In today’s episode, we interview Gregory Glatzer, an undergraduate student at the Pennsylvania University, College of Information Science and Technology, studying applied Data Science.
He speaks about his work, especially in the intersection of wildlife conservation and data science. Gregory said more about his last research on understanding the settlement of wildlife animals, particularly elephants. He built a machine learning model that predicted the next settlement of elephants based on their historical track record. This would aid the protection of these animals from poachers. Gregory explained how they got the dataset for this study, and why it was critical to protect such data from the general public.
In the interview, Gregory explained that they used a movement tracking sensor to capture the location and physical movement of elephants. However, he needed more than a migration dataset. Gregory used the temperature data as well for his study. He explained why the temperature data was equally critical. Gregory mentioned that the historical weather data was obtained from an API called Meteostat.
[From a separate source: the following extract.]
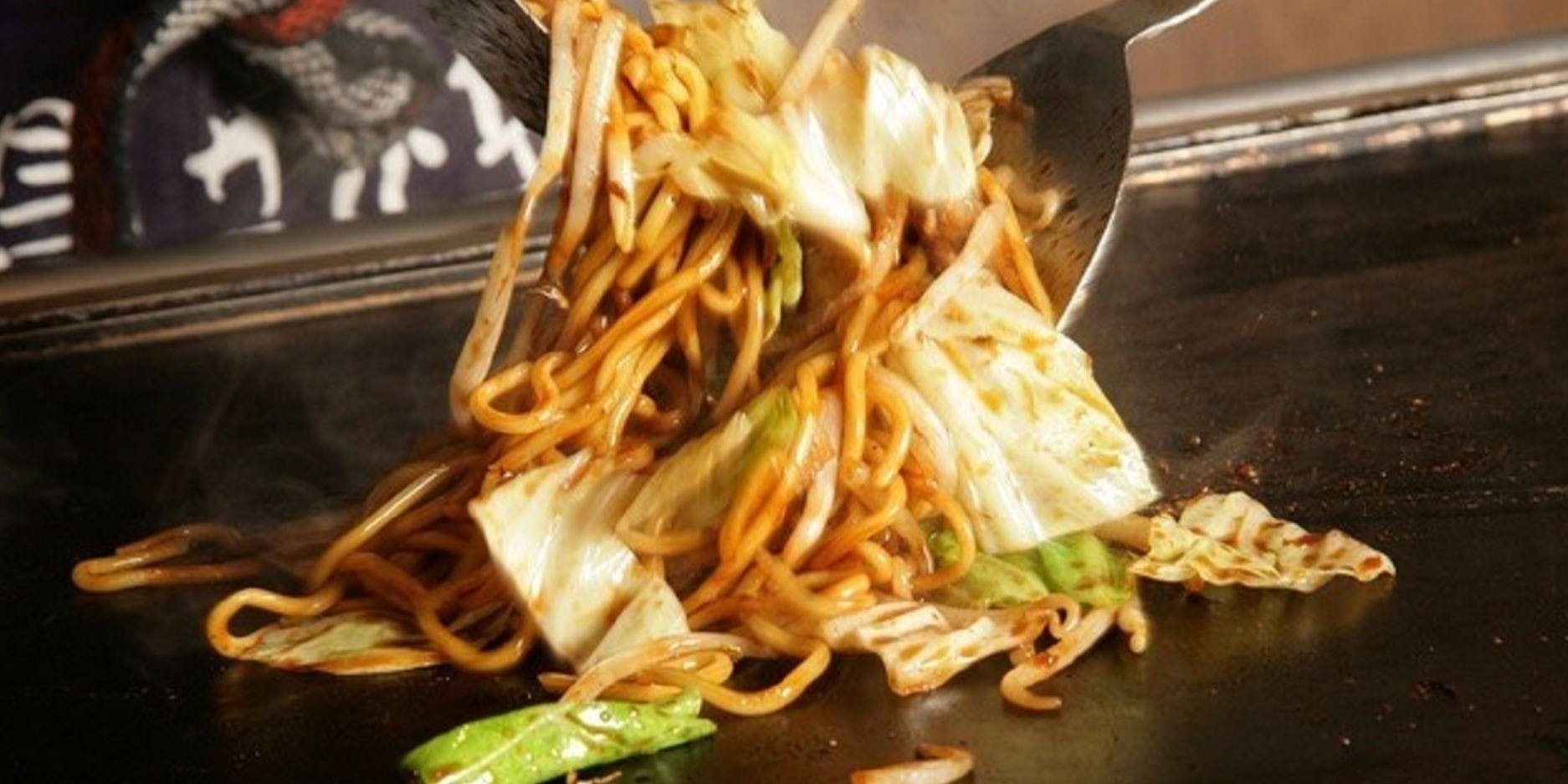 鉄板酒場 鐵一 溝の口店 - 画像4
Gregory went on to discuss the algorithms he used for this task. He explained that a combination of two machine learning algorithms were used: DBSCAN and K-Means Clustering.
Gregory extensively discussed why he used both algorithms in one project and how they played out. He mentioned using other algorithms such as Optics to evaluate how it would measure up against the first two.
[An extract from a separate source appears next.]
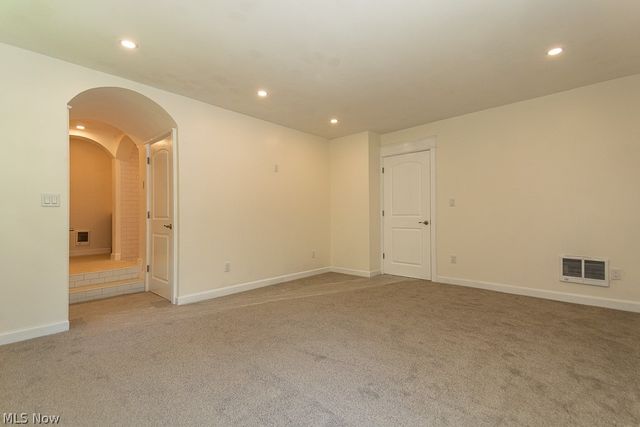 6360 Conley Road, Concord Twp, OH 44077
Going forward, Gregory touched on the anomaly he observed in the data due to environmental situations beyond his control. In the end however, the study results were impressive, even though he acknowledged that this was just the beginning. He virtually presented his results in the Towiri Conference organized by the Tanzania Wildlife Institute.
He rounded up by disclosing his passion for frontend development and how you can reach him at g1776.github.io
Gregory Glatzer is a junior studying Applied Data Science at The Pennsylvania State University. Working with Penn State IST faculty, he has published research regarding the application of clustering algorithms onto elephant movement data. He has also competed in the 2019 & 2020 Nittany AI Challenge. Gregory's fascination with the data science pipeline, especially the development of full stack web applications that utilize the power of real-time data, can be seen throughout his work. In his spare time, Gregory enjoys playing and listening to jazz on clarinet and saxophone, coding for fun, and spending time with friends and family.
Thanks to our sponsors for their support
Kyle: Welcome to data skeptic K-means clustering. The podcast exploring the problem, the algorithms, enhancements and use cases for K-means clustering.
Greg: Hello, my name is Gregory Glatzer. I am currently an undergraduate student at the Pennsylvania State University in the College of Information Science and Technology
Kyle: And what are you studying there?
Greg: I’m studying Applied Data Science
Kyle: So the project we’re going to talk about obviously includes some data science but also some, would you call it life sciences as well?
Kyle: And is that part of your career as well or did you commit this from purely a numeric side of things?
Greg: From the numeric side of things I was doing undergraduate research and the faculty that was leading the research. They had some interest in the domain of wildlife conservation. So that’s where I got into this from.
Kyle: Broadly speaking, can you talk a little bit about what opportunities there are even beyond what you’re doing to overlap between conservation and data science?
Greg: Yes. So in conservation there’s what I’m doing which is looking at the movement of animals and trying to understand that. As you can imagine, there’s lots of data there to do data science with. Especially movement data. We also look a lot at vegetation and elevation data and then there’s also the aspect of trying to prevent and catch poachers that are trying to poach animals in national parks. So there’s a couple studies that have been done with that doing things like computer vision where they put drones in the sky and try to catch the poachers at night. Doing some machine learning with computer vision.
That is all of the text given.